Los anfitriones también recuerdan que, cuando llegaron a Cholila, los pobladores hacían sus casitas muy protegidas del viento, que suele ser intenso, y lejos del río. “Nuestra primera construcción –donde hoy funciona el restaurante– replicaba ese concepto. Pero, como para Daniel y para mí, la condición era no darle la espalda al río, nos animamos y, de hecho, la hostería la construimos sobre unos pilotes de cara al río, elevada por las dudas, al igual que nuestra casa, que llamamos La Carbón, hecha de madera quemada”, agrega Hilda.
La hostería se destaca por su cuidado parque, la comodidad del alojamiento y su nutrida biblioteca (lo mejor es tirarse a leer en el diván que acompaña a los sillones, en un lindo guiño al mundo profesional de los fundadores). Los huéspedes –muchos de ellos habitués– cosechan productos de la huerta y los suman a los platos. También se organizan cabalgatas, flotadas, salidas de pesca y experiencias de turismo rural.
De cara al río, Hilda reflexiona: “La vida no es tan consciente, no siempre tomamos decisiones claras y predeterminadas. Siempre digo que hay que tener cuidado, que si seguimos los deseos, se pueden realizar. Eso nos pasó a nosotros: el deseo es un gran transformador. Este proyecto comenzó como un lugar de encuentro para los veranos, pero era tan hermoso vivir acá. La convivencia con los vecinos nos fascinó. Nos encontramos mirando cuál era el próximo feriado para poder escaparnos de Buenos Aires hasta que un año dijimos: ´¿Por qué no nos instalamos acá y vamos a Buenos Aires ocasionalmente?´ El planteo fue muy revolucionario porque era plantearles a nuestros pacientes continuar tratándose vía virtual. En ese momento el servicio de Internet era malo en Cholila. Pero luego la virtualidad se potenció con la pandemia, así como la tecnología. Hoy sigo trabajando apasionadamente con el consultorio, mirando el río, los cauquenes, las bandurrias, las liebres que corren”.

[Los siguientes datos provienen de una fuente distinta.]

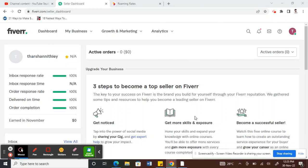Hello guys, so today in this video I'm going to quickly show you how to link your PayPal to your Fiverr account so that you can withdraw directly to your PayPal account.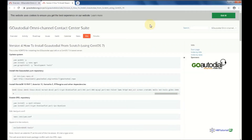Hello guys, good day. Today we will set up and install GoAutoDial version 4 from scratch using CentOS 7. Let's go and get started.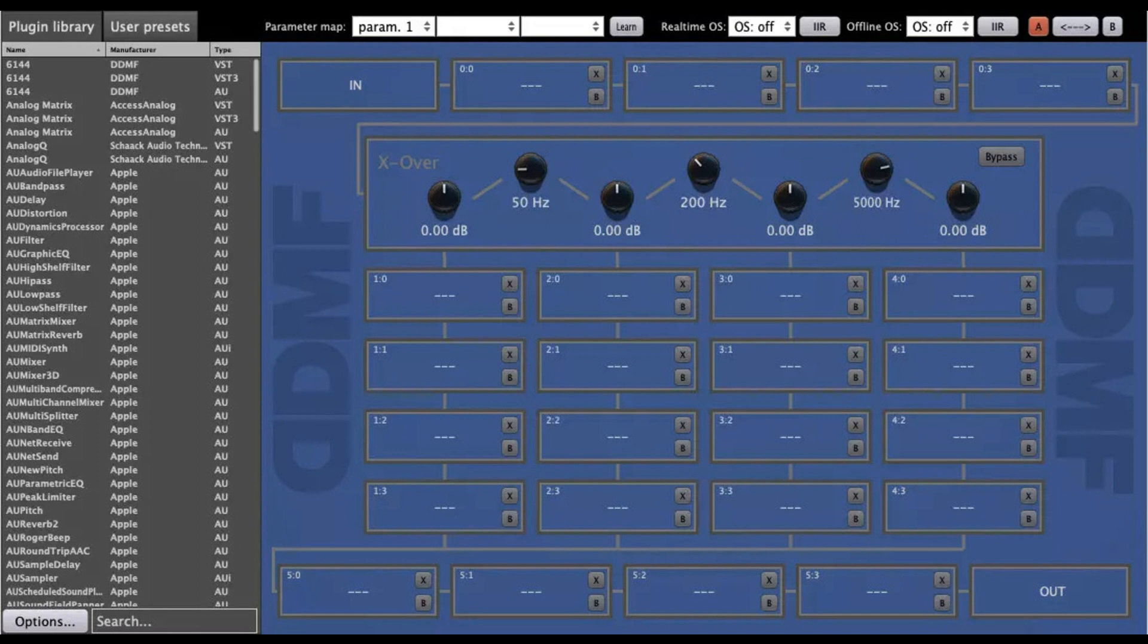Superplugin is, in many ways, a complementary plugin to Metaplugin. Using the same elaborate plugin chaining under the hood, Superplugin is the right choice when you quickly want to create simpler chains. Although the built-in 4-band frequency splitter isn't exactly simple, of course.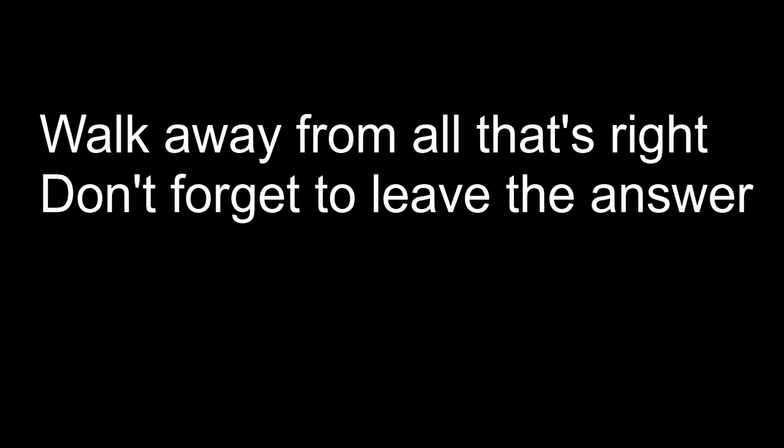Walk away from all that's right, don't forget to leave the answer. Listen to the ringing bell, calibrate the missing answer. Take a path beyond the wall, keep it in your mind forever. Never fail to kiss the light, relocate the necromancer.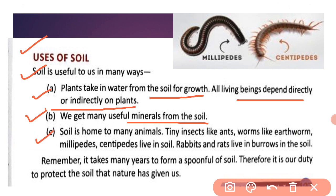Third point: soil is home to many animals. Soil baha se animals ka ghar bhi hai. Ismein baha se animals rehte bhi hain, like tiny insects — ants, worms, earthworms, millipedes, and centipedes live in soil. Chote chote kiede makod mitti mein rahate hain.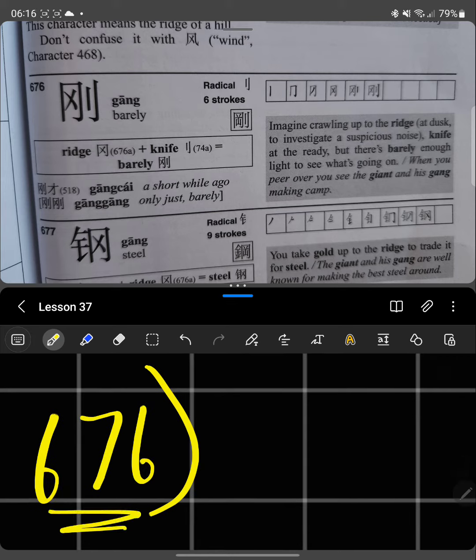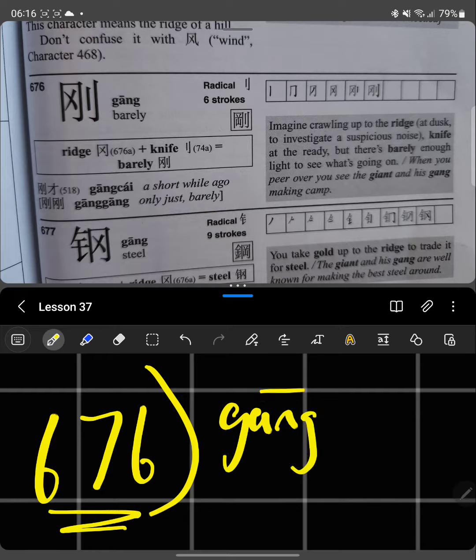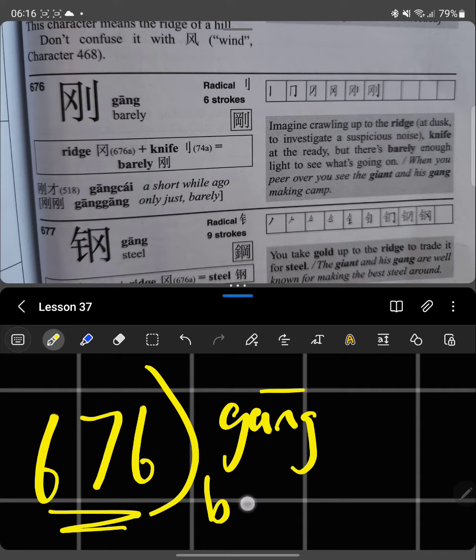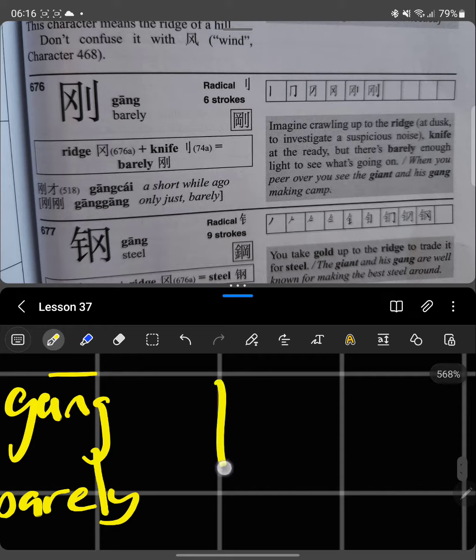Today we're going to be doing another word that's pronounced the same, and that is gang. It's here, meaning steel, and it also means barely. But it's written differently, you see.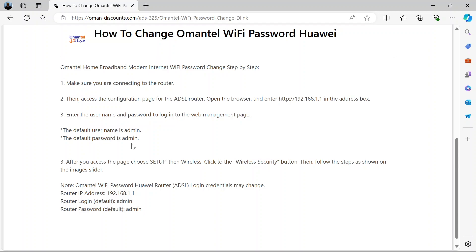When the web configuration page opens, choose Setup from the options. Then navigate to Wireless. Then on the wireless page, click Wireless Security. Click that button.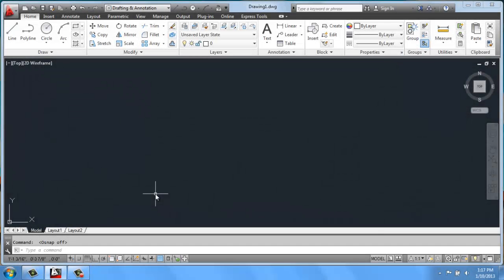In this AutoCAD video, I'd like to take some time to talk about Object Snap and how that works.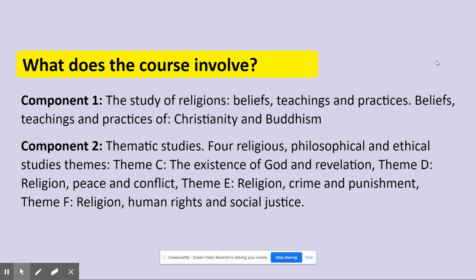Now I'll break down what the actual GCSE course is made up of. You have two components within RE. Component one is the study of two religions — their beliefs, teachings, and practices. At TFS, we have selected Christianity, because it's the traditional religion of the UK, and Buddhism. Component two deals with philosophical and ethical themes rather than religions. You study four of these themes, and the themes we've selected are: the existence of God and revelation; religion, peace and conflict; religion, crime and punishment; and religion, human rights and social justice. You can see immediately that RE interlinks with citizenship quite a lot here.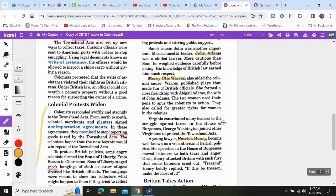Virginia contributed many leaders to the struggle against taxes. In the House of Burgesses, George Washington joined other Virginians to protest the Townshend Acts. A young lawyer, Patrick Henry, became well known as a fierce critic of British policies. His speeches moved listeners to both tears and anger. Once, Henry attacked Britain with such fury that some listeners cried out 'Treason!' Henry boldly replied, 'If this be treason, make the most of it.'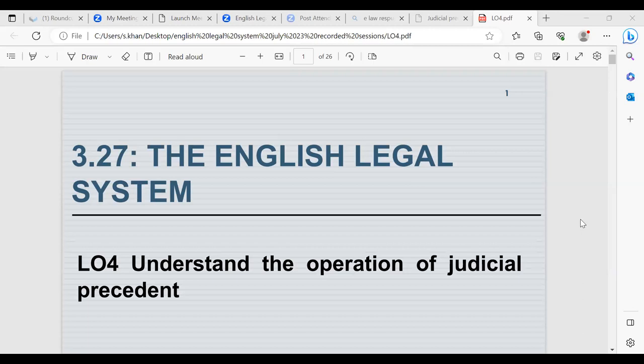We looked at specialist tribunals such as pensions, tax, land, discrimination, and employment law. We then went on to the criminal courts and looked at the Court of Appeal criminal division, the Crown Court and why cases are brought before a judge and a jury, and the different types of offences in Magistrates Court and the work of the Magistrates Court in dealing with cases which are less severe.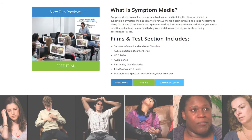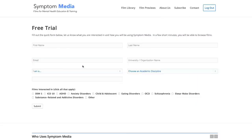Join the over 300 universities, colleges, medical schools, and hospitals subscribing to Symptom Media. Be sure to visit SymptomMedia.com to sign up for a free trial today.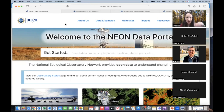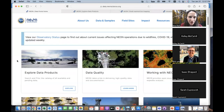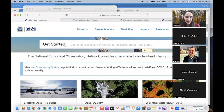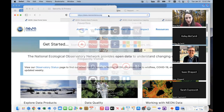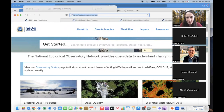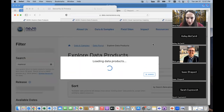We'll go ahead and get started. This is typically what we do to get started with NEON data — go to the data portal page at data.neonscience.org. That's where you can find all the information about our data products. We have 182 different products being collected across 81 different field sites. You can go to the Explore Data button and start searching through our 180 different data products.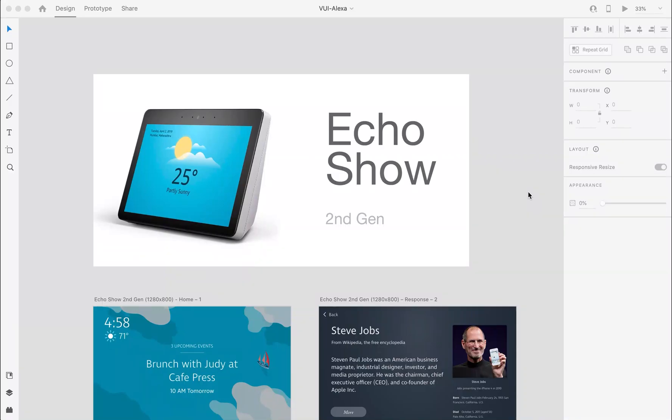Hey guys, hope you are doing good. In this video I'm going to explain how to create a voice prototype in Adobe XD. There are a lot of voice assistants out there in the market like Alexa, Google Assistant...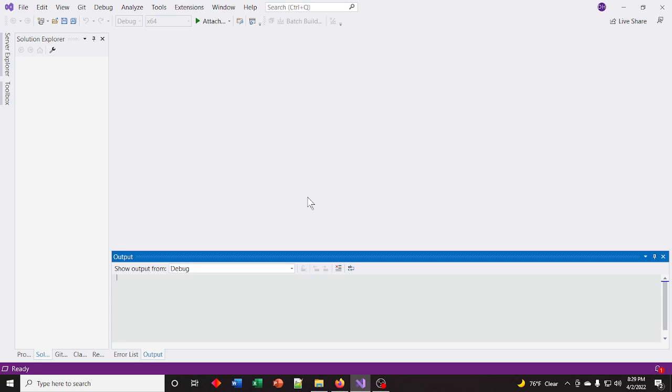Hello, this is Programming with Dan, and in this video I'm going to show you how to set up the Allegro library with Microsoft Visual Studio.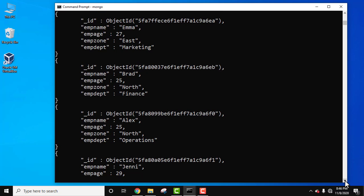Let us find the records of employees whose age is 25 and the department is finance. We have both documents with age 25, both employees with 25 age, but one of them has employee department as finance and another is operations department. Let's see.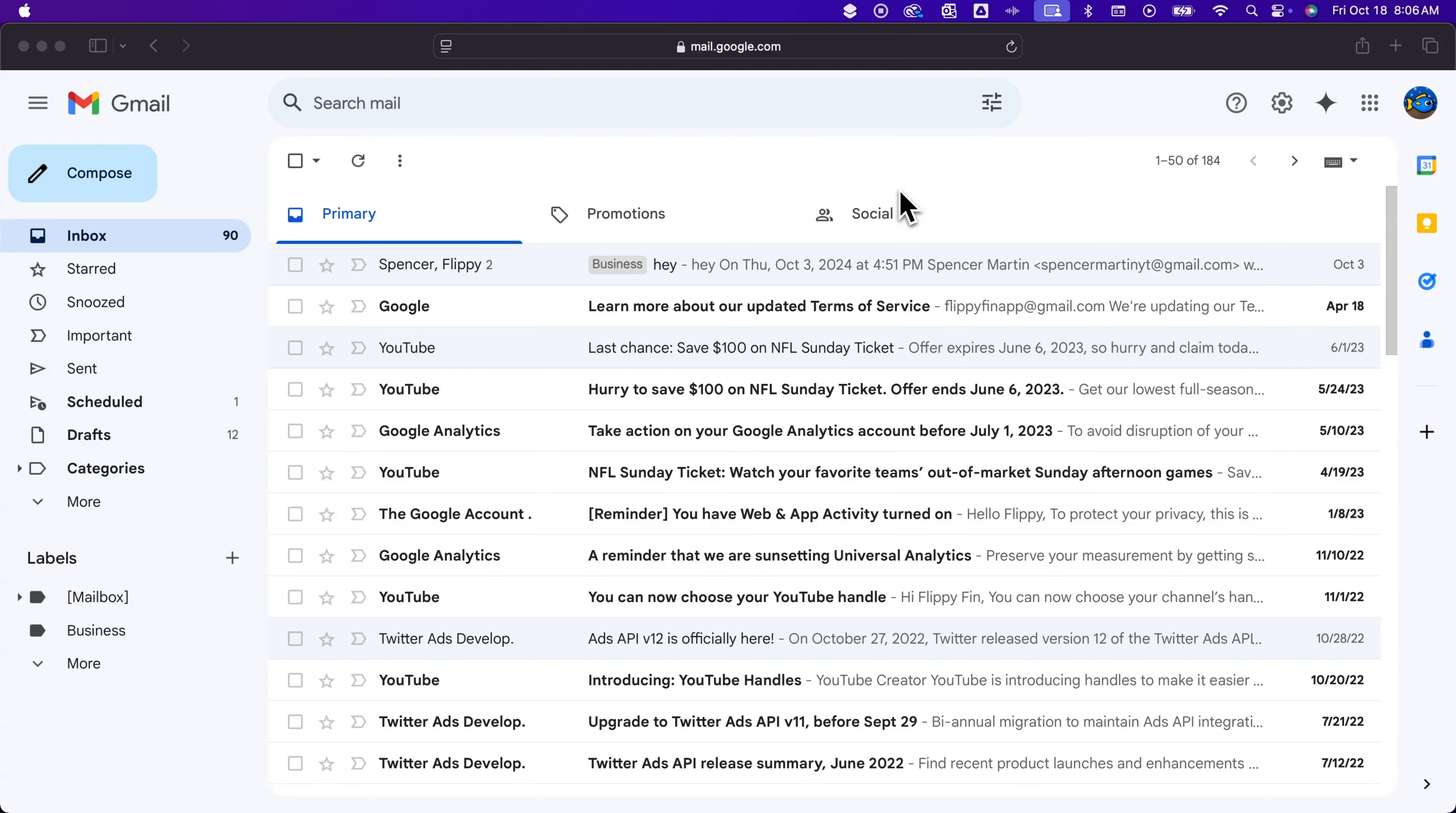First we need to pull open our calendar. Usually on the right hand side you're going to see this little calendar icon right here, so you could click on that and pull it open there.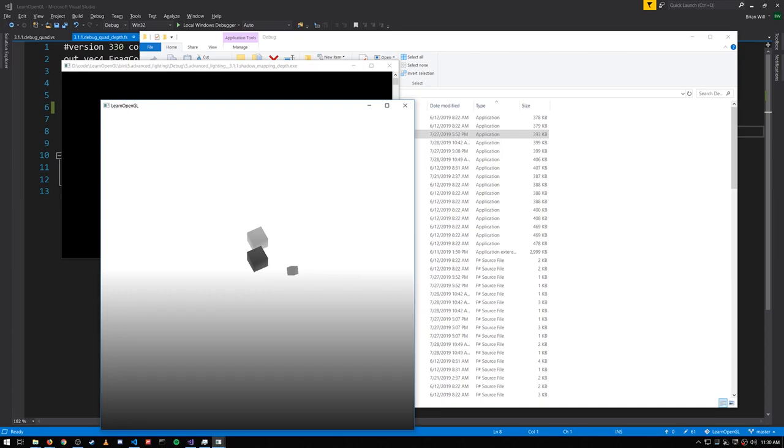And the points on the floor itself, towards the top of the window here, they're further away from the light and towards the bottom they get closer. So that's why they get darker at the bottom. So that's why we have this gradient getting darker towards the bottom.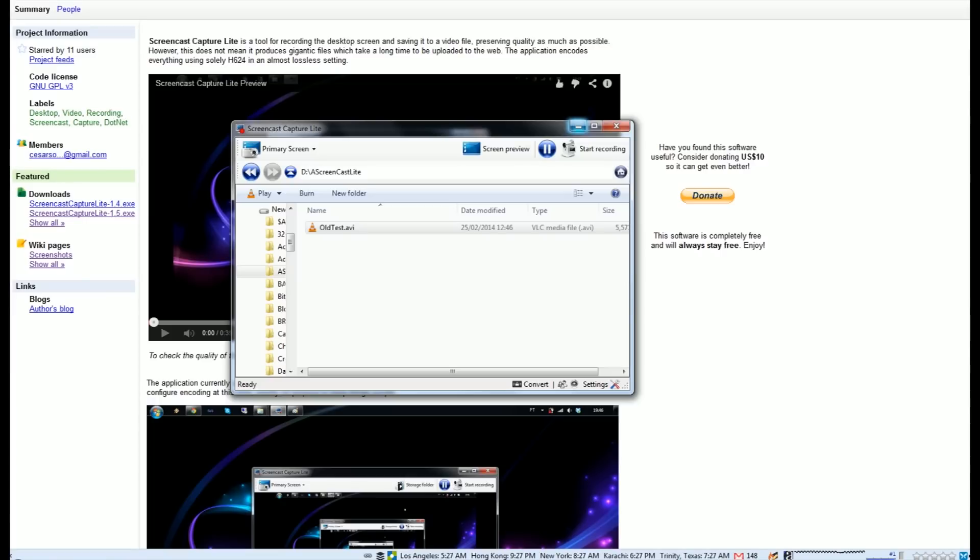We've tested it. We'll add a quick example at the end of this video just to show you what it looks like. It looks really good. Screencast Capture Lite - freeware for capturing your screen and recording it with audio.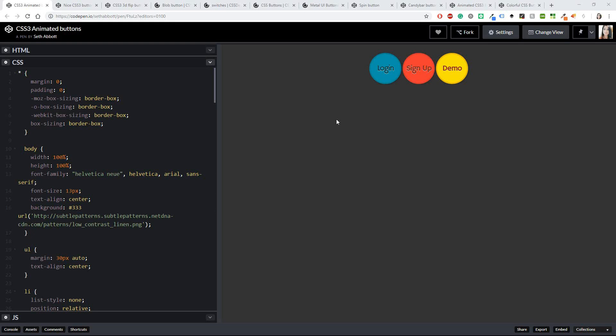Hello beautiful people and welcome back to my channel. If this is your first time here, my name is Eleftheria. In the previous video that I'm going to link in the description, I talked about buttons and how you can create them very easily using HTML and CSS.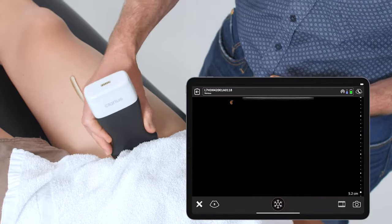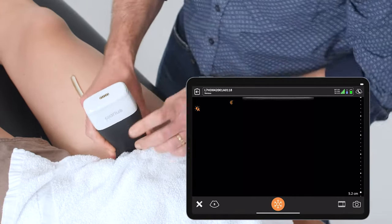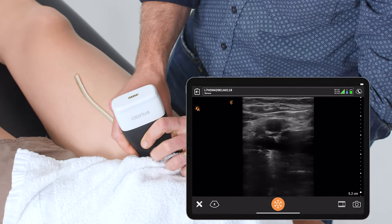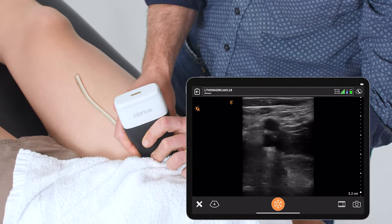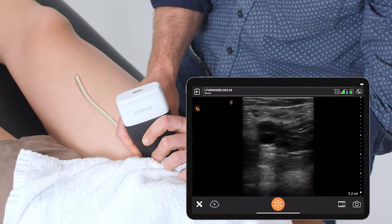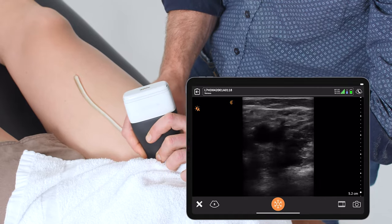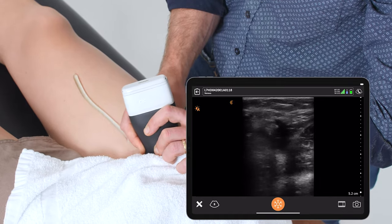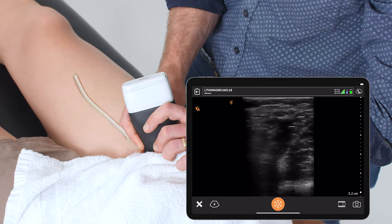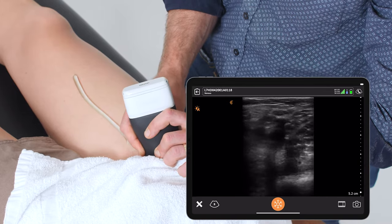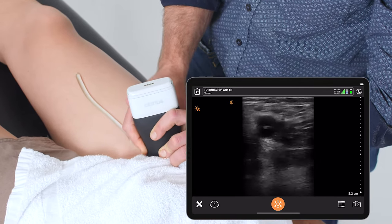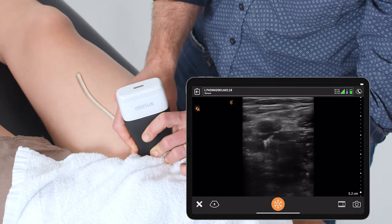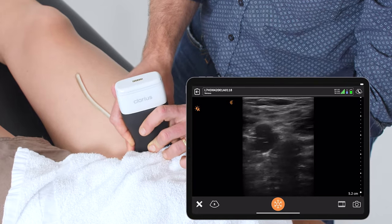I'm going to start my scan proximally at the common femoral vein, identifying the common femoral vein next to the common femoral artery, and making sure I identify the saphenous takeoff. Once I've seen the saphenous vein and the takeoff, I'm going to start compression, making sure that the anterior and posterior walls of the vein completely collapse.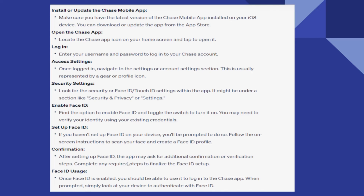After setting up Face ID, the app may ask for additional confirmation or verification steps. Complete any required steps to finalize the Face ID setup. Once Face ID is enabled, you should be able to use it to log in to Chase. When prompted, simply look at your device to authenticate with Face ID.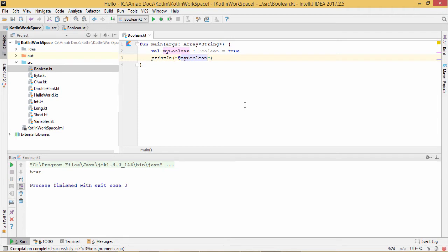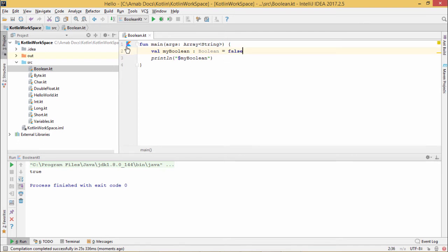So here is the output. We know that Boolean type variables can hold only two values, one is false and another is true. So we had the value true in myBoolean.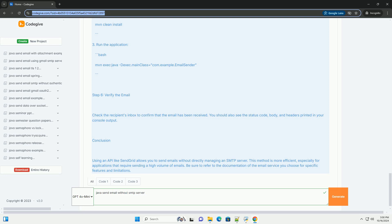Step 4: Replace placeholders. Replace your_SendGrid_API_key with your actual SendGrid API key. Replace your_email@example.com with the email address you want to send from. Replace recipient_email@example.com with the email address you want to send to.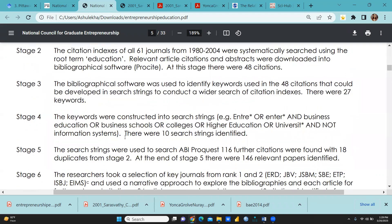Stage 3: the bibliographical software was used to identify keywords used in the 48 citations that could be developed into search strings to conduct a wider search of citation indexes. There were 27 keywords found.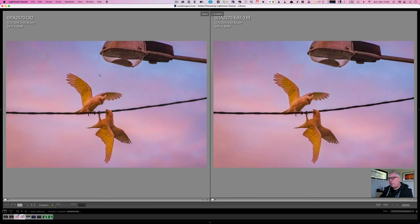If we zoom in on the path, you can see it's greatly reduced the amount of noise there and done a pretty good job sharpening up the people without going overboard.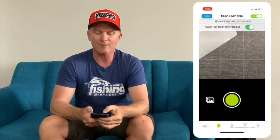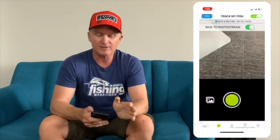The next button below is really important — the one that says save to photo stream. You can turn it on and off. If save to photo stream is on, when you take a photo of your fish it goes straight to your camera roll, which is a little backup to have, and also a photo of the fish that you've caught.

Hilda y Daniel siguen disfrutando de ese rincón como el primer día. Observan que el crecimiento de Cholila “por suerte” es lento y sostenido. “Las personas que recalamos aquí tenemos un denominador común, que es la búsqueda de la convivencia con la naturaleza, la tranquilidad, el silencio profundo. Este lugar es otra Patagonia, como dice mi hijo Alejandro, donde la naturaleza parece exótica”, cierra la psicóloga.